Open fridex opened 3 years ago
Is your feature request related to a problem? Please describe.
As a Thoth user/operator, I would like to know how much time I need to wait to have resolved software stack available from the recommender system. To support this, we could expose an estimated time for an advise request to finish. As we have information about the maximum time allocated for advisers and information about the number of queued/pending/running advise requests, we can provide an estimation about the time needed to retrieve adviser requests from the system.
Describe the solution you'd like
Provide a metric that shows the estimated wait time for adviser to provide results. This can be later provided on user-api and shown to users (e.g. in thamos CLI).
The metric can be generalized for other jobs we run - package-extract, provenance-check, ...
Isn't workflow task latency something that gives an estimation already? We know on average the percentage of workflows successfull in a certain duration bucket, from the best case (< 5s) to worst case (> 900s). This issue can be more detailed dependening on the recommendation, number of packages, etc etc? wdyt?
Isn't workflow task latency something that gives an estimation already? We know on average the percentage of workflows successfull in a certain duration bucket, from the best case (< 5s) to worst case (> 900s).
If I understand this metric, it is more about putting tasks in a workflow into buckets so we have information about tasks and their duration.
This issue can be more detailed dependening on the recommendation, number of packages, etc etc? wdyt?
Might worth keeping this simple - even a request with one direct dependency can result in a huge resolved software stack. For all the recommendation types we assign a maximum number of CPU time that is allocated per request in the cluster - this is an upper boundary applied for all the recommendation types, only latest
can (but not necessarily has to) finish sooner. This upper boundary can be used to estimate how much time will be required to serve user requests based on the quota, resource allocation in adviser workflow.
Example:
We know we can serve 5 requests in parallel in the backend namespace. Users scheduled 10 advisers.
If there is allocated 15 minutes per advise request in the cluster - first 5 advisers finish in 15 minutes, the other 5 advisers finish in 30 minutes (15+15) - having system in this state means that a possible 11th request coming to the system will be satisfied in 45 minutes (but can be satisfied sooner, but also later - see below) - this is the $SUBJ metric.
As we run also kebechet in the backend namespace, things might get complicated if the namespace is polluted with kebechet pods. But having that estimation (and possibly improve it) can still be something valuable so we see how the system behaves, what resource allocation we need to sanely satisfy the userbase we have (estimating SLA).

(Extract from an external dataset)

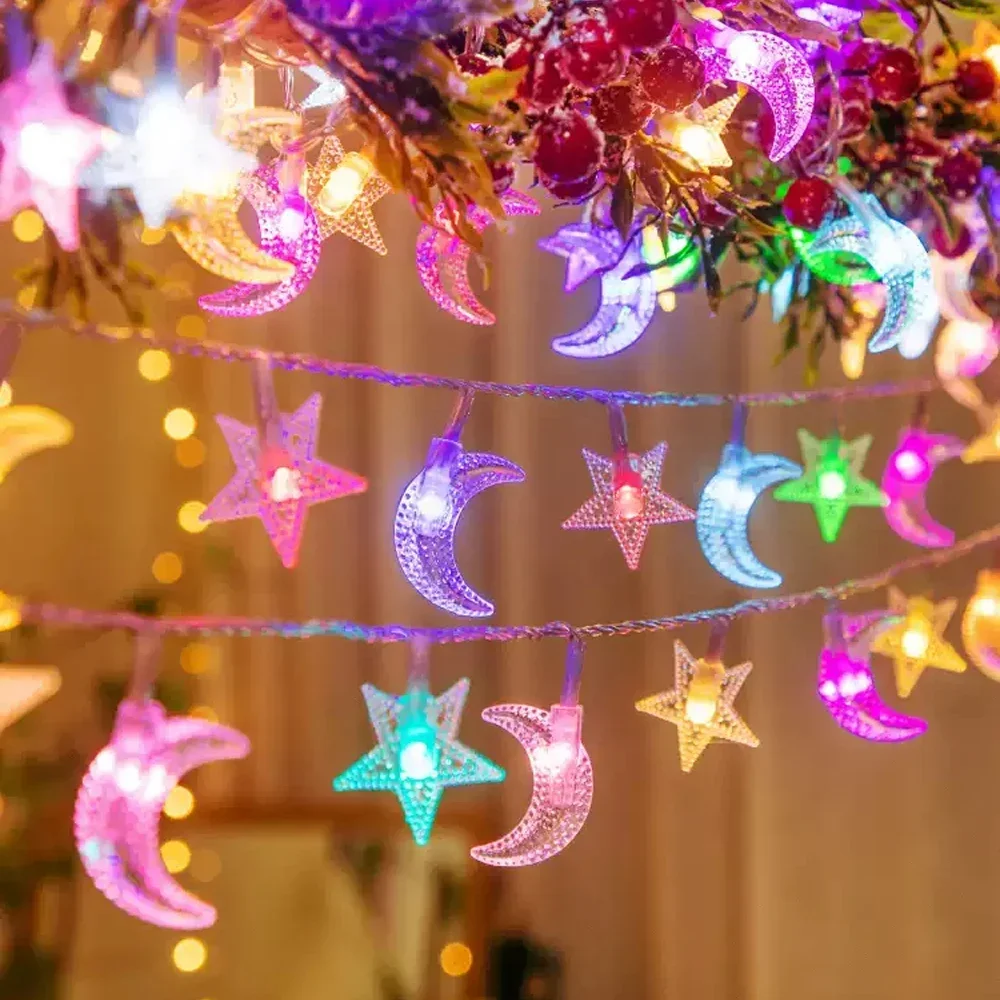 LED الملونة النجمة والقمر الديكور جو مصباح سلسلة الجنية الديكور مصباح معلق للمنزل حديقة التخييم والتجمع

@pacospace is this good to go or do we still need information? If you are happy feel free to change prio etc...
/sig observability
Rotten issues close after 30d of inactivity.
Reopen the issue with /reopen
.
Mark the issue as fresh with /remove-lifecycle rotten
.
/close
@sesheta: Closing this issue.
/reopen /remove-lifecycle rotten
@fridex: Reopened this issue.
Rotten issues close after 30d of inactivity.
Reopen the issue with /reopen
.
Mark the issue as fresh with /remove-lifecycle rotten
.
/close
@sesheta: Closing this issue.
@pacospace could this be another data driven development topic?
@pacospace could this be another data driven development topic?
Sure sounds good!
/project observability
/sig observability
Isn't workflow task latency something that gives an estimation already? We know on average the percentage of workflows successfull in a certain duration bucket, from the best case (< 5s) to worst case (> 900s).
If I understand this metric, it is more about putting tasks in a workflow into buckets so we have information about tasks and their duration.
This issue can be more detailed dependening on the recommendation, number of packages, etc etc? wdyt?
Might worth keeping this simple - even a request with one direct dependency can result in a huge resolved software stack. For all the recommendation types we assign a maximum number of CPU time that is allocated per request in the cluster - this is an upper boundary applied for all the recommendation types, only
latest
can (but not necessarily has to) finish sooner. This upper boundary can be used to estimate how much time will be required to serve user requests based on the quota, resource allocation in adviser workflow.Example:
We know we can serve 5 requests in parallel in the backend namespace. Users scheduled 10 advisers.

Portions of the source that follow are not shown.